なんとなくモヤモヤとして、遠目には何が描かれているのか、さっぱりわかりません。
ここまで近づいて、はじめて文机に梶の葉、その脇に秋草と燭台が描かれていることが分かります。七夕の景物をさらっと淡彩で描いているのですが、今回しげしげと眺めて、「うーむ、これは…」と思いました。
どうも文机の足の描き方が変だし、燭台の柱も曲がっている上、台座との関係も不自然です。要するにデッサンが狂っている。
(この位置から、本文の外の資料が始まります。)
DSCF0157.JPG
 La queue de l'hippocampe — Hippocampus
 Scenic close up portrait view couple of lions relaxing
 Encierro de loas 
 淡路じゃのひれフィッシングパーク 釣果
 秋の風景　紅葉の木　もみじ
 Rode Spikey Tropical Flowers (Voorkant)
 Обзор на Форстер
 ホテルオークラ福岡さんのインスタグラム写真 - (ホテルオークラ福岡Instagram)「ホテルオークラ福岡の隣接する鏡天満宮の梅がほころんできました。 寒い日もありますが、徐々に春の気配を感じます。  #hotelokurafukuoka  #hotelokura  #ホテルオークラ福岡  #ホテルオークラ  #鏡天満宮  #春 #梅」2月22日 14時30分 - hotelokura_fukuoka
それにこれは屋外ではなく、縁側の光景のはずなのに、秋草が床から直接生えているのが、いかにも奇妙。
箱書きには「八十一翁 文翠書之」とあって、谷文晁門下の榊原文翠(文政8-明治42/1824-1909)が、明治37年(1904)に描いたことになっているのですが、職業画家がこんな下手な絵を描くはずはないので、要は粗悪な偽物でしょう。
榊原文翠といっても、今ではその名を知る人も少ないでしょうから、「そんな無名の人の偽物を作って、何かメリットはあるの?」と思われるかもしれませんが、当時にあってはそれなりの画家でしたから、やっぱり贋作を作る意味と旨味はあったわけです。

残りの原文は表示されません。